-- INSTRUCTIONS TO FOLLOW --
Copy, word for word, each line of the data below from the first through the line containing "Mercedes-Benz C 220d 2022", and stop there.

(Source data)
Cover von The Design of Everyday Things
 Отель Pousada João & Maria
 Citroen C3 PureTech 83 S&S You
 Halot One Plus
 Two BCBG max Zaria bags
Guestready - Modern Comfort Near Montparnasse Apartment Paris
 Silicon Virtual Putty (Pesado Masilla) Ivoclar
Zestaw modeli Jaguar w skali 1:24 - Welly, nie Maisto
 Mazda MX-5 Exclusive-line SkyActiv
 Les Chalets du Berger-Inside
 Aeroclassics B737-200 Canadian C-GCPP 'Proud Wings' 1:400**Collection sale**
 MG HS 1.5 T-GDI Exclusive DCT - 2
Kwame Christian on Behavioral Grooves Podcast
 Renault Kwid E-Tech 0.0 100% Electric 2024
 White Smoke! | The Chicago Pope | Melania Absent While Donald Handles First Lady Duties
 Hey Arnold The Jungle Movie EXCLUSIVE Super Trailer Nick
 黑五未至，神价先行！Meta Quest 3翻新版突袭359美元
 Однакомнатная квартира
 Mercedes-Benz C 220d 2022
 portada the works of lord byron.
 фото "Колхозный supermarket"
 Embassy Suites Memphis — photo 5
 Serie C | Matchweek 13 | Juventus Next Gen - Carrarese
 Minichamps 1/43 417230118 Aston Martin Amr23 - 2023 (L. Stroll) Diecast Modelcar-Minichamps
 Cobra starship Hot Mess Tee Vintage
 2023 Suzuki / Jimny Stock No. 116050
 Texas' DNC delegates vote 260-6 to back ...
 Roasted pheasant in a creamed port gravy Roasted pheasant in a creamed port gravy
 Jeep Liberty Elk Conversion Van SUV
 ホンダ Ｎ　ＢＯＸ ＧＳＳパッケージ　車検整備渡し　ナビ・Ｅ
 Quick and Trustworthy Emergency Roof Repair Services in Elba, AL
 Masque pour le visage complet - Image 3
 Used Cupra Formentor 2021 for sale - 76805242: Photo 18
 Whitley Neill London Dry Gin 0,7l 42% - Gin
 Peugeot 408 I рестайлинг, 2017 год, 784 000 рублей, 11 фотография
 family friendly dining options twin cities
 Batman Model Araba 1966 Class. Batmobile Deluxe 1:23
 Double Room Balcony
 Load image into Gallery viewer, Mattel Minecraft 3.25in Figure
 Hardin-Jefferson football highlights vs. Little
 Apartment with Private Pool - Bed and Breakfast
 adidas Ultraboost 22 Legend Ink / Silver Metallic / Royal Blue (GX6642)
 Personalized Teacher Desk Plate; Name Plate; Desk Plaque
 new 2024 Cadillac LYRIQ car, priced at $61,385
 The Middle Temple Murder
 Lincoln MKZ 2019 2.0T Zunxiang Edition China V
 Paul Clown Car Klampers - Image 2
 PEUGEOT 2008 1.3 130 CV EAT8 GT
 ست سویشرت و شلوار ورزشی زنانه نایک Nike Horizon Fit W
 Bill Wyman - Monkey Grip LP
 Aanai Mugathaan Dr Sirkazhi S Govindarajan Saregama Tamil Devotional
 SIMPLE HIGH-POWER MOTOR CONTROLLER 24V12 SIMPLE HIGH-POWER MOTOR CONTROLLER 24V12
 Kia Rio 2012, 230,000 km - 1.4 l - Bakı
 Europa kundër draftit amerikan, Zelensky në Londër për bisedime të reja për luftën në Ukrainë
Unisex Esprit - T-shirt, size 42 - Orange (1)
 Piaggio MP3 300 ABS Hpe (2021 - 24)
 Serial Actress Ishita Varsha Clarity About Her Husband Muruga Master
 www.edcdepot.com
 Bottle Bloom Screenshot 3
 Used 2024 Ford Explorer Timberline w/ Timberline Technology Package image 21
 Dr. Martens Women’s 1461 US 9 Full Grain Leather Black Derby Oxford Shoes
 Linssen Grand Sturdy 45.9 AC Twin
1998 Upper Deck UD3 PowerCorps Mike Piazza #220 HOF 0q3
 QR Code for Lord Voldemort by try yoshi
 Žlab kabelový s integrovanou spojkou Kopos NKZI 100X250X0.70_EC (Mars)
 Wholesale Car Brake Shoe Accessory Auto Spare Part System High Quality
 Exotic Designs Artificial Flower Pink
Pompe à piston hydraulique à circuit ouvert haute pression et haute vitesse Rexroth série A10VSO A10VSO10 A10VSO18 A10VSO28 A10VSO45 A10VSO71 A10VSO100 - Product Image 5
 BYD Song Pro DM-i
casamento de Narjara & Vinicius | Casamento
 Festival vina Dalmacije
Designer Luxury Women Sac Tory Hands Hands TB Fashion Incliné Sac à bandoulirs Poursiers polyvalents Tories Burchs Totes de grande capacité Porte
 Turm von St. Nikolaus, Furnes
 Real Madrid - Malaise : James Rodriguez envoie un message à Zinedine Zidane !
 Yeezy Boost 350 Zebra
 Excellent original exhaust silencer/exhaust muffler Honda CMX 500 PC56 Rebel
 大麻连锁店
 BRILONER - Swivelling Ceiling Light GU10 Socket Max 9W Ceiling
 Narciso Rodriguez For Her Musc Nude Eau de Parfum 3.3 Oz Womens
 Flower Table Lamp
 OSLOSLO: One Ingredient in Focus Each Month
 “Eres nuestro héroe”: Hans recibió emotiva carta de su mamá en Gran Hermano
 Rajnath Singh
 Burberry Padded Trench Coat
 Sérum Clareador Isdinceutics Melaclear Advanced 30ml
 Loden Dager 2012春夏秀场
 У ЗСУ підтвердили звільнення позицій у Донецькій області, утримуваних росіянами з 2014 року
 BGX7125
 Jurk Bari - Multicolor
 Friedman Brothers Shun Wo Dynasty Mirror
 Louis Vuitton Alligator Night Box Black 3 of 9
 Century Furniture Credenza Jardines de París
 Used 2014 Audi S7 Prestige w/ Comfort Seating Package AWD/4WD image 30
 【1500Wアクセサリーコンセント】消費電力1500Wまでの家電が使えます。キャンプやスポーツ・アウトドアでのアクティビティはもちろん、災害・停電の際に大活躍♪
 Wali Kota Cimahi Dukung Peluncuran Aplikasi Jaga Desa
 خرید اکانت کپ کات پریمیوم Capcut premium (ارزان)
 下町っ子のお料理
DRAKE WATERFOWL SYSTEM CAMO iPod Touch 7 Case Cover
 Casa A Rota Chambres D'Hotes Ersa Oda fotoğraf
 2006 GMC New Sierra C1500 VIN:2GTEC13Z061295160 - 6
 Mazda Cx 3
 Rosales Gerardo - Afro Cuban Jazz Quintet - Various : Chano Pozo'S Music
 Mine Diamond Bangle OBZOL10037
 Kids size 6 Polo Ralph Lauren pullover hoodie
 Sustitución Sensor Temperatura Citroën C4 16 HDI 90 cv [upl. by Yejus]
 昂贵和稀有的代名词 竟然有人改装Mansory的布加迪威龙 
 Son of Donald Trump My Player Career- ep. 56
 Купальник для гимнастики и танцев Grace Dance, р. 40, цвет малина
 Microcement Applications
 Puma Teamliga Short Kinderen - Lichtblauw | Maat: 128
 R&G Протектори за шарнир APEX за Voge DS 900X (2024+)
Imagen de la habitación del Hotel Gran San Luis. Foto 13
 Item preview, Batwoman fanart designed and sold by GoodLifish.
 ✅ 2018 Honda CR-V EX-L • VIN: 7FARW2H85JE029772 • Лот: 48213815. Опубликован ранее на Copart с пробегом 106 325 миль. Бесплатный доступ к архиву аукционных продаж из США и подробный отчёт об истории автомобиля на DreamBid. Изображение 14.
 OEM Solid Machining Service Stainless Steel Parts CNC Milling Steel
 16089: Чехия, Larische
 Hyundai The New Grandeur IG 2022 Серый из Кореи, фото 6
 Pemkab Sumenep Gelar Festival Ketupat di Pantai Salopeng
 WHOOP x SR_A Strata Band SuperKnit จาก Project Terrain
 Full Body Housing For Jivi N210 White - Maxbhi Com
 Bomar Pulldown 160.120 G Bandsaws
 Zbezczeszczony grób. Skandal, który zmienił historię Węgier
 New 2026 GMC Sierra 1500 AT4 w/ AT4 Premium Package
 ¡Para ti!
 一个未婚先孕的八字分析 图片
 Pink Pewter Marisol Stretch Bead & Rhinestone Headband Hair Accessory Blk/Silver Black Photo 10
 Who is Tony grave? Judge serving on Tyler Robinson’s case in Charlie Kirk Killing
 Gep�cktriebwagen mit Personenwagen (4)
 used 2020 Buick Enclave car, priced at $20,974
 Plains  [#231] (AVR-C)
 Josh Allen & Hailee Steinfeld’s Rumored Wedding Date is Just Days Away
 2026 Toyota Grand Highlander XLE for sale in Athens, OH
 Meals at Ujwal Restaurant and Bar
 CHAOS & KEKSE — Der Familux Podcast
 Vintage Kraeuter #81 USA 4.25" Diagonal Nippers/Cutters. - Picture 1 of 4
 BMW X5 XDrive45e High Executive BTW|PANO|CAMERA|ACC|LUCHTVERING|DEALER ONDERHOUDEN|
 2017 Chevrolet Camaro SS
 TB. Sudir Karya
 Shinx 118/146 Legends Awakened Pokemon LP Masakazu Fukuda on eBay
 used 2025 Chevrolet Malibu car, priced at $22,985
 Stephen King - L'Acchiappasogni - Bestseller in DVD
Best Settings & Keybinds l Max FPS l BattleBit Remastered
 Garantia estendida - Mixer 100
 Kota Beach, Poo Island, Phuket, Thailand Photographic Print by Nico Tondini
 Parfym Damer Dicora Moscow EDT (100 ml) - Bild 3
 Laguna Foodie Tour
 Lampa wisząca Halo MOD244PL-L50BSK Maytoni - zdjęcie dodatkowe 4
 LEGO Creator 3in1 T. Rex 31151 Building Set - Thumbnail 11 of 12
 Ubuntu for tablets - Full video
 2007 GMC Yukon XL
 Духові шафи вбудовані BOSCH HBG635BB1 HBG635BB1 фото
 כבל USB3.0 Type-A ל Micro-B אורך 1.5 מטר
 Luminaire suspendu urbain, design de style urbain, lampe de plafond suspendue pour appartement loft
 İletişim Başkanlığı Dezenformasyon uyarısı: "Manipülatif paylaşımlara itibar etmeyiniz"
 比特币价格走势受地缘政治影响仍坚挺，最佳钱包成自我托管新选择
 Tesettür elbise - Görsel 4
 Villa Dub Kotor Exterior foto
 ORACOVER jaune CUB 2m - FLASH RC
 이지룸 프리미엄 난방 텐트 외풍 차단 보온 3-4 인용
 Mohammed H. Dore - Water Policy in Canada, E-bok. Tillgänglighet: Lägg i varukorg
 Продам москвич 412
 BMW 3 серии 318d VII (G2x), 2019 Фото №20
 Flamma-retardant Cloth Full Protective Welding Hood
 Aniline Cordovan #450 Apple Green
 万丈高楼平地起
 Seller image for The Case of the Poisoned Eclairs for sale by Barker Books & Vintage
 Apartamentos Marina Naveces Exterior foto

-- OUTPUT FOR THIS TASK --
Cover von The Design of Everyday Things
 Отель Pousada João & Maria
 Citroen C3 PureTech 83 S&S You
 Halot One Plus
 Two BCBG max Zaria bags
Guestready - Modern Comfort Near Montparnasse Apartment Paris
 Silicon Virtual Putty (Pesado Masilla) Ivoclar
Zestaw modeli Jaguar w skali 1:24 - Welly, nie Maisto
 Mazda MX-5 Exclusive-line SkyActiv
 Les Chalets du Berger-Inside
 Aeroclassics B737-200 Canadian C-GCPP 'Proud Wings' 1:400**Collection sale**
 MG HS 1.5 T-GDI Exclusive DCT - 2
Kwame Christian on Behavioral Grooves Podcast
 Renault Kwid E-Tech 0.0 100% Electric 2024
 White Smoke! | The Chicago Pope | Melania Absent While Donald Handles First Lady Duties
 Hey Arnold The Jungle Movie EXCLUSIVE Super Trailer Nick
 黑五未至，神价先行！Meta Quest 3翻新版突袭359美元
 Однакомнатная квартира
 Mercedes-Benz C 220d 2022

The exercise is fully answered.